Input records:
■ ■ ■ ■ ■
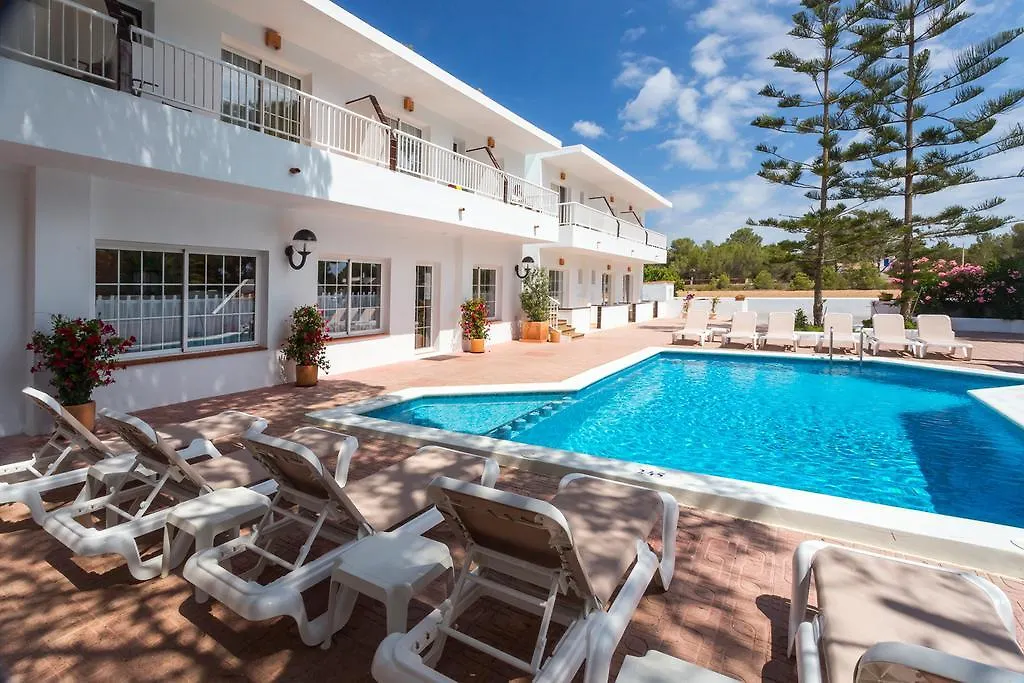 Hostal Es Pi - Emar Hotels Playa Migjorn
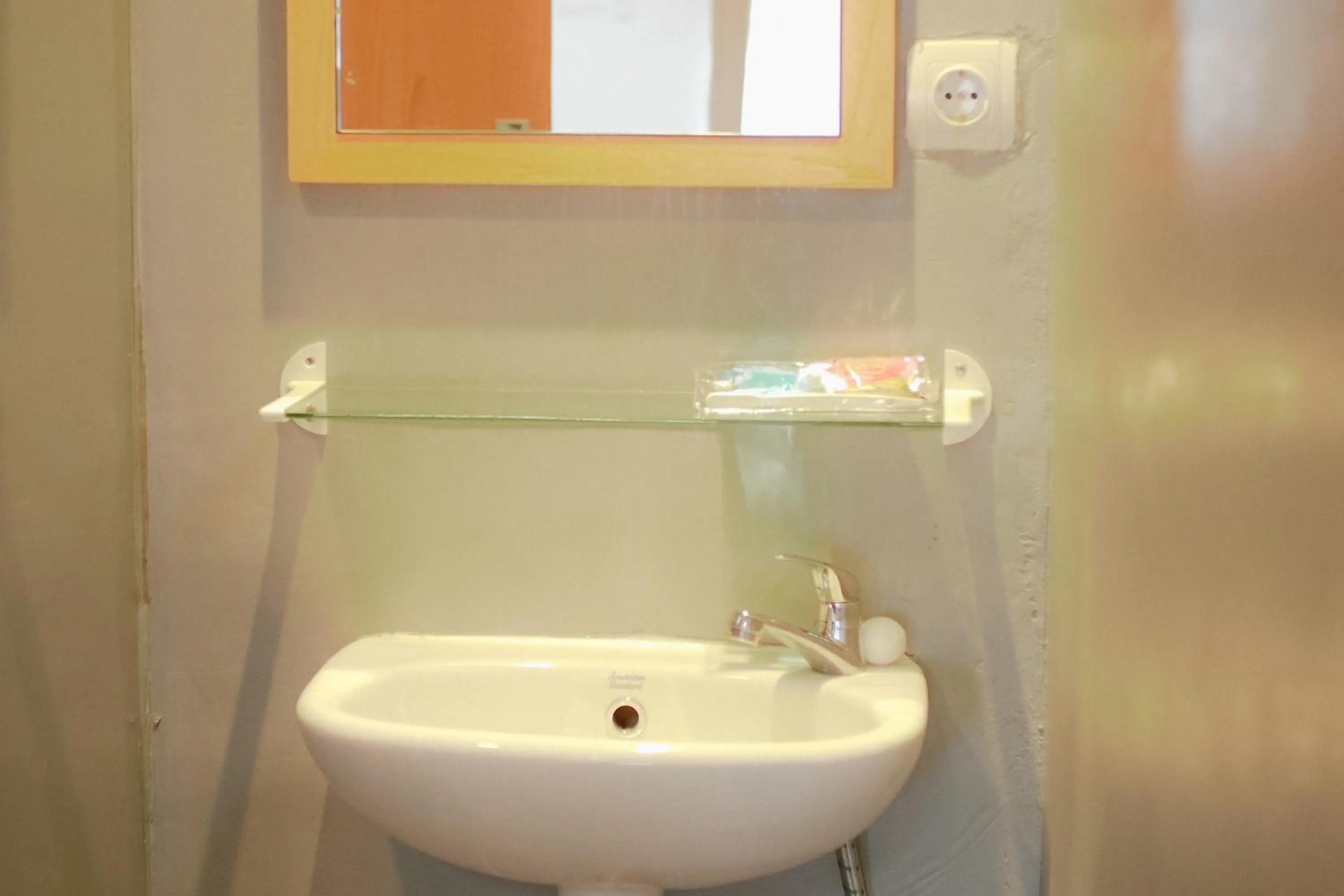 Bathroom in Asram Edupark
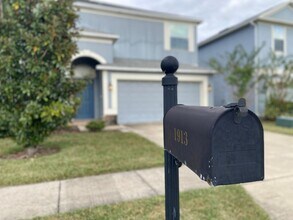 1913 Thetford Cir in Orlando, FL - Building Photo - Building Photo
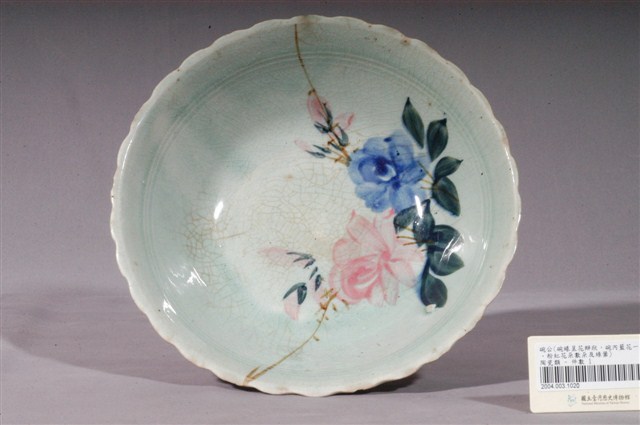 彩繪花卉紋綠釉花形碗 (共4張)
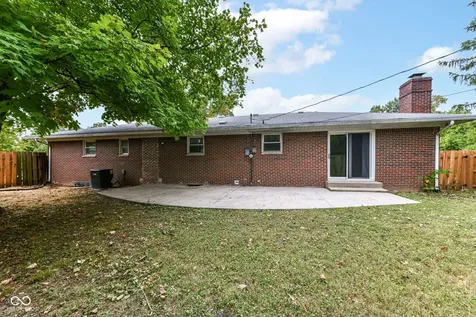 6211 E 55th Place Indianapolis IN 46226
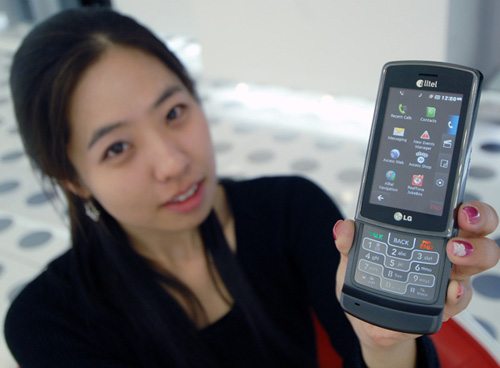 lgglimmer lg2 - LG presenta Glimmer, l'erede del Prada?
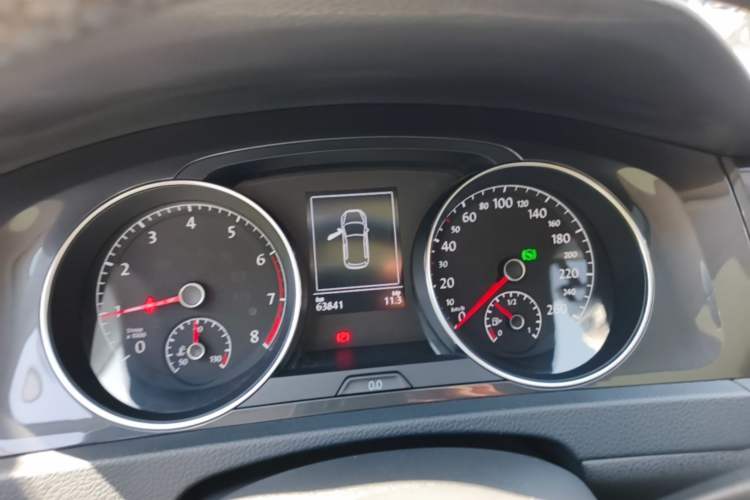 Used Volkswagen Golf 2019 1.6L Automatic Comfort Model China V Standard Instrument Cluster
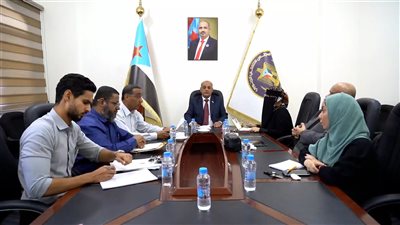 مركز البحوث بالمجلس الانتقالي يناقش تحديات المرحلة وإيجاد الحلول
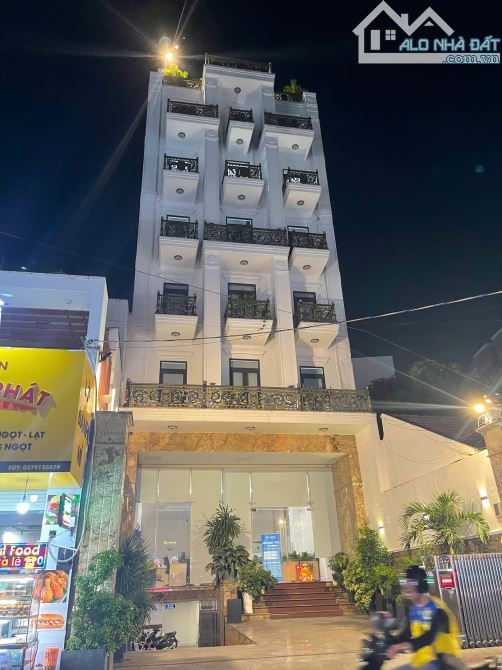 Siêu hiếm!!!! Bán nhà MT phố Tây Bùi Viện - bề ngang khủng 7.2m x 12m - 7 tầng (hostel)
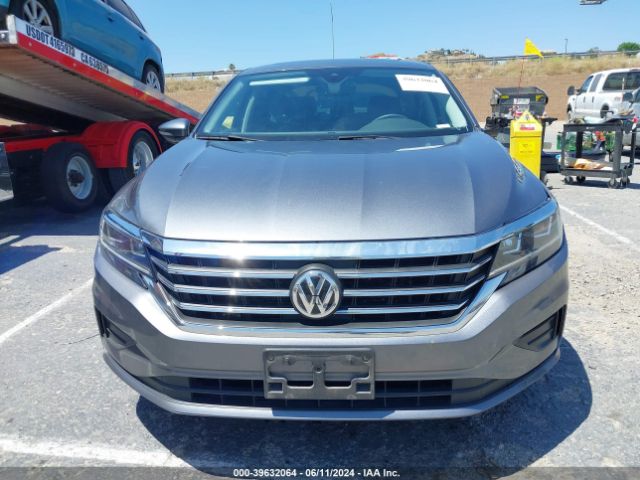 1VWSA7A38NC000371 Volkswagen Passat 2.0t Se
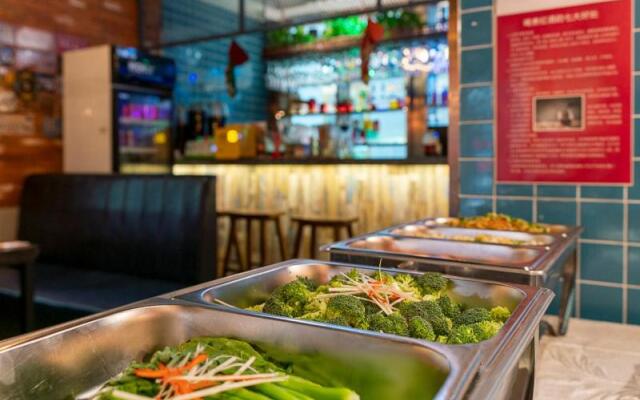 Happy Dragon Saga Hotel Beijing TianAnMen Forbidden City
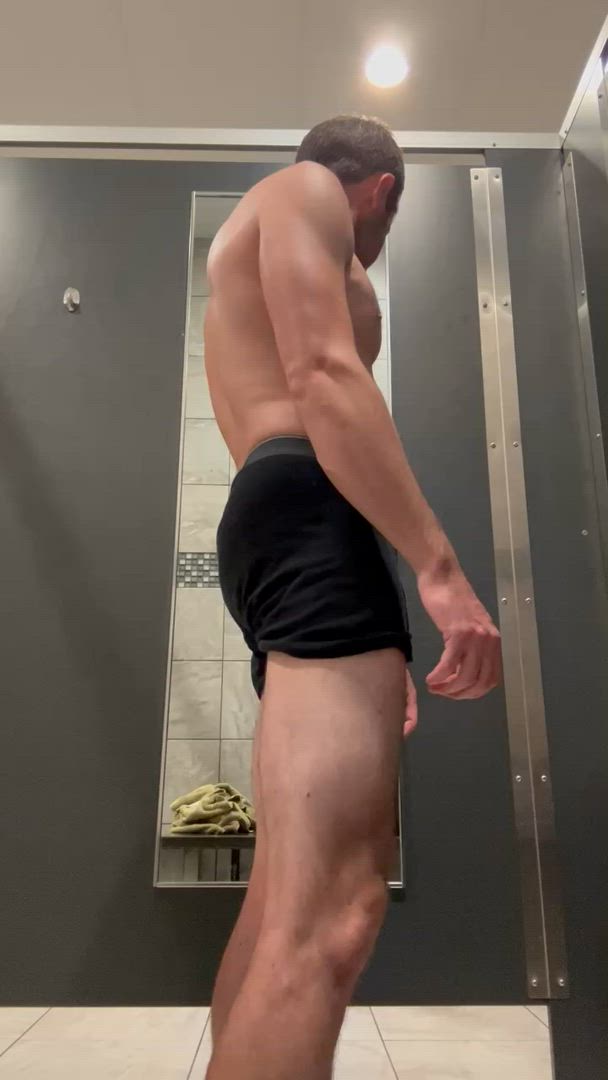 Roolawnmaster <strong>@andrewsadvntur</strong> in porn video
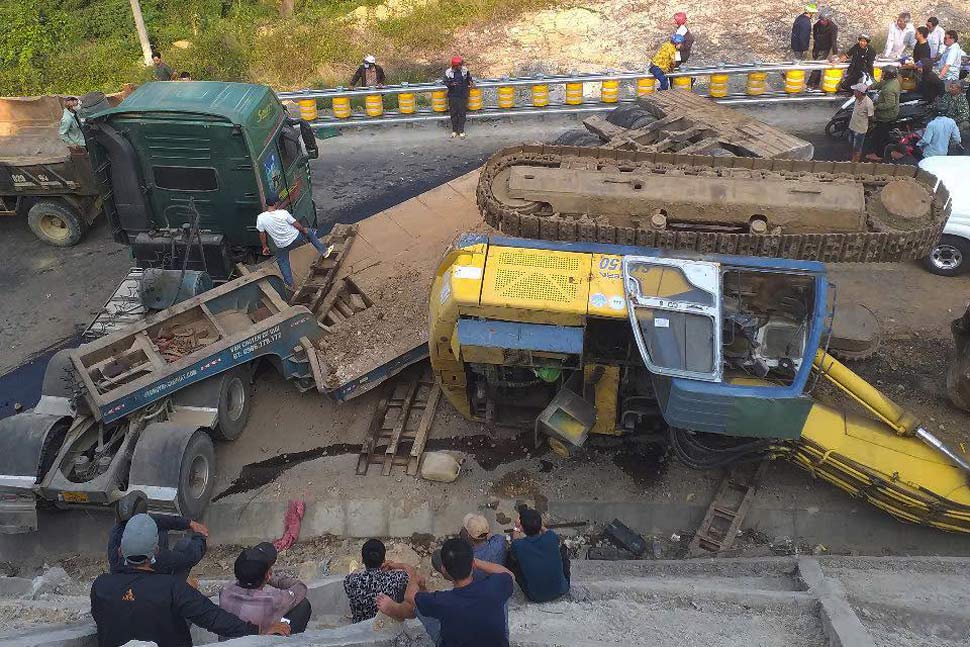 Scene of the excavator overturning on An Khe Pass (connecting Binh Dinh - Gia Lai provinces). Photo: Khac Huy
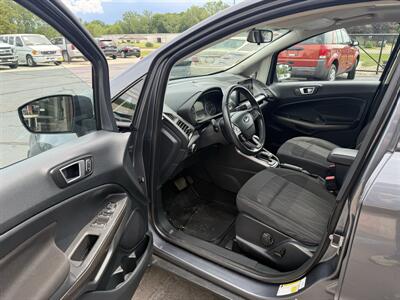 2018 Ford EcoSport SE 4WD - Photo 11 - Flushing, MI 48433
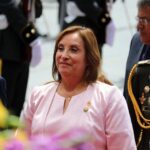 La impopular presidenta de Perú, Dina Boluarte, firma el decreto en el que se aumenta el sueldo en un 125%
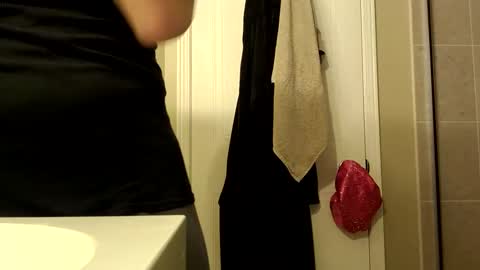 mrmsnaughty online show from January 29, 2025, 3:44 am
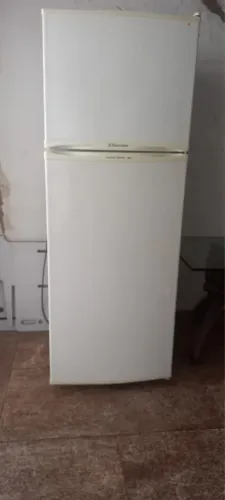 Geladeira para conserto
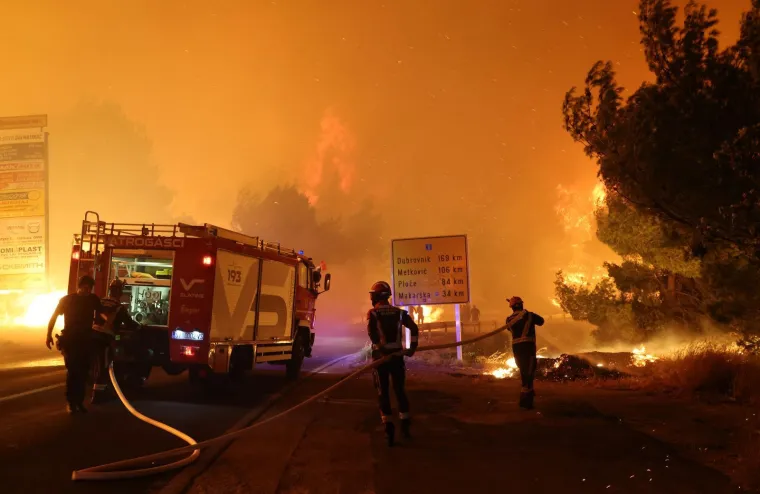 Ovo su prizori iz vatrene noći: Omi&scaron; u dimu i plamenu, vatra se nezaustavljivo &scaron;iri
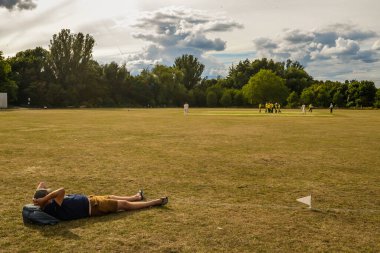 Londra / İngiltere - 9 / 8 / 20 - Hackney Bataklıklarında Pazar Ligi kriket maçı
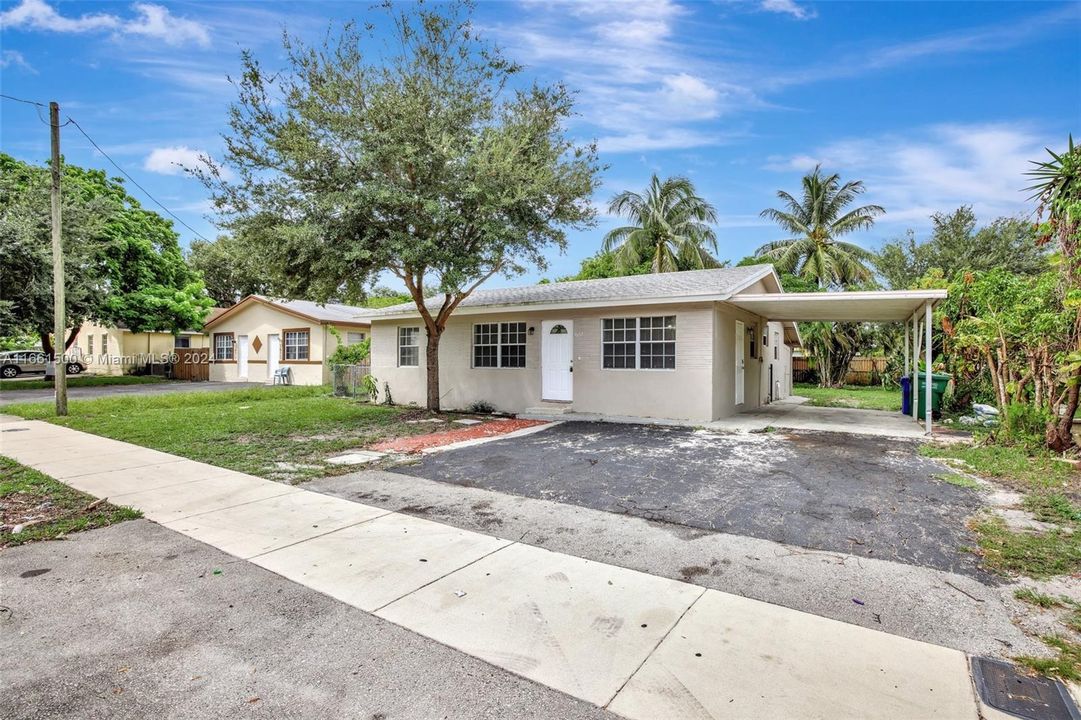 For Sale: $399,900 (3 beds, 2 baths, 1152 Square Feet)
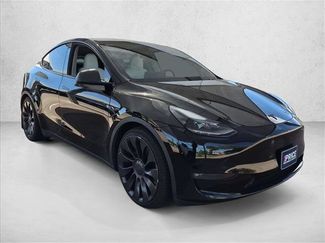Used 2023 Tesla Model Y Performance AWD/4WD video 3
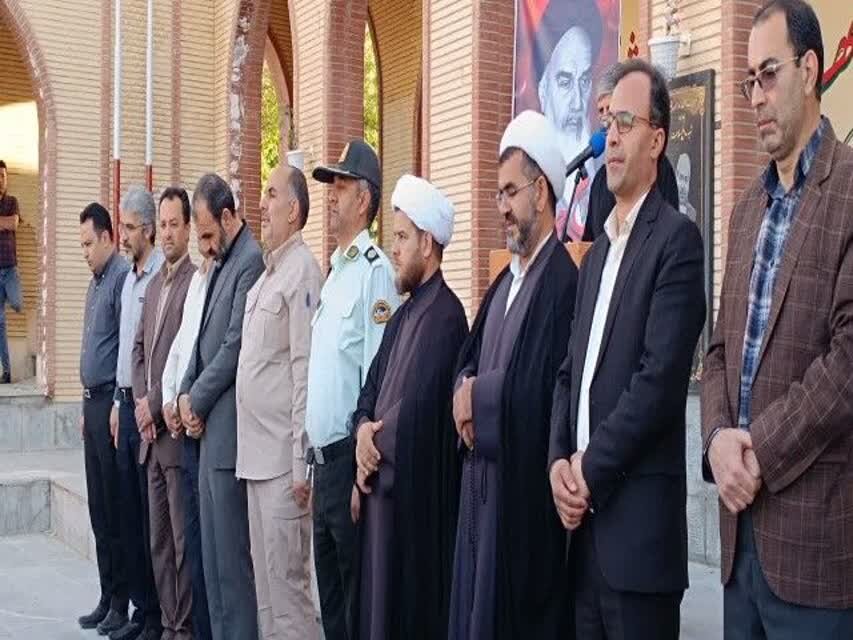 حضور زائران بیجاری در سالگرد ارتحال امام بیانگر بصیرت آنان است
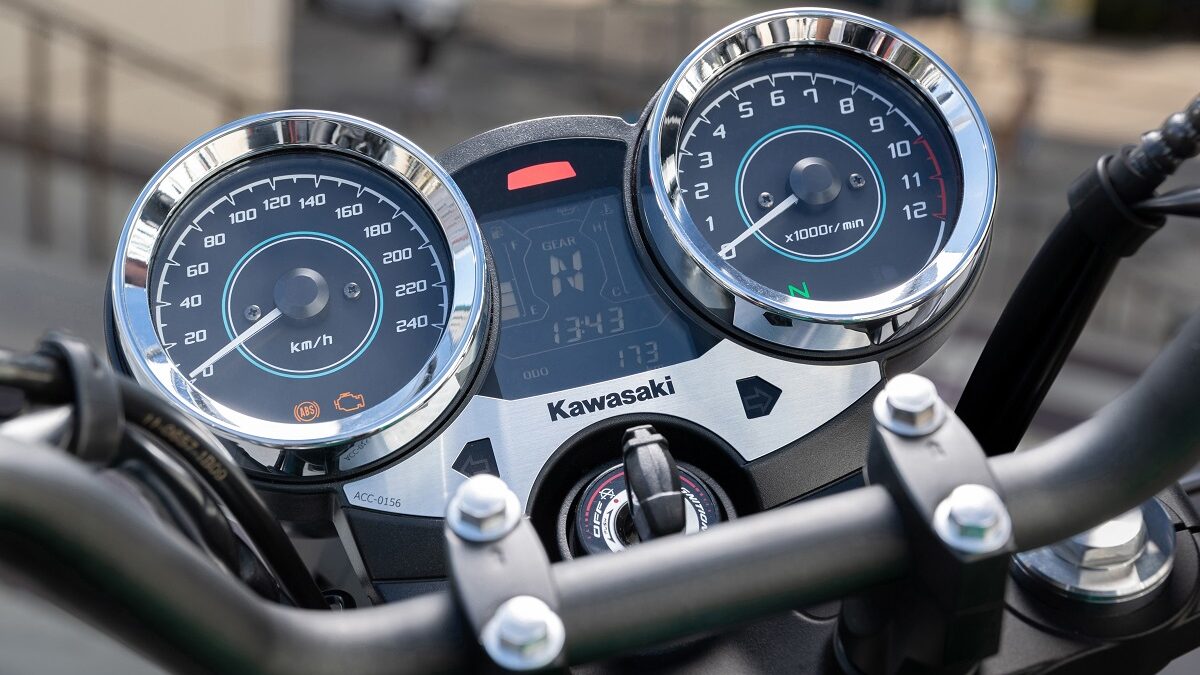 La moto que te robará el corazón y la razón 13 Kawasaki Z650RS 7 edited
■ ■ ■ ■ ■
What you should do: Each line of the listing above must be given again exactly; the pictures are to be left out.

Task answer:
 Hostal Es Pi - Emar Hotels Playa Migjorn
 Bathroom in Asram Edupark
 1913 Thetford Cir in Orlando, FL - Building Photo - Building Photo
 彩繪花卉紋綠釉花形碗 (共4張)
 6211 E 55th Place Indianapolis IN 46226
 lgglimmer lg2 - LG presenta Glimmer, l'erede del Prada?
 Used Volkswagen Golf 2019 1.6L Automatic Comfort Model China V Standard Instrument Cluster
 مركز البحوث بالمجلس الانتقالي يناقش تحديات المرحلة وإيجاد الحلول
 Siêu hiếm!!!! Bán nhà MT phố Tây Bùi Viện - bề ngang khủng 7.2m x 12m - 7 tầng (hostel)
 1VWSA7A38NC000371 Volkswagen Passat 2.0t Se
 Happy Dragon Saga Hotel Beijing TianAnMen Forbidden City
 Roolawnmaster <strong>@andrewsadvntur</strong> in porn video
 Scene of the excavator overturning on An Khe Pass (connecting Binh Dinh - Gia Lai provinces). Photo: Khac Huy
 2018 Ford EcoSport SE 4WD - Photo 11 - Flushing, MI 48433
 La impopular presidenta de Perú, Dina Boluarte, firma el decreto en el que se aumenta el sueldo en un 125%
 mrmsnaughty online show from January 29, 2025, 3:44 am
 Geladeira para conserto
 Ovo su prizori iz vatrene noći: Omi&scaron; u dimu i plamenu, vatra se nezaustavljivo &scaron;iri
 Londra / İngiltere - 9 / 8 / 20 - Hackney Bataklıklarında Pazar Ligi kriket maçı
 For Sale: $399,900 (3 beds, 2 baths, 1152 Square Feet)
Used 2023 Tesla Model Y Performance AWD/4WD video 3
 حضور زائران بیجاری در سالگرد ارتحال امام بیانگر بصیرت آنان است
 La moto que te robará el corazón y la razón 13 Kawasaki Z650RS 7 edited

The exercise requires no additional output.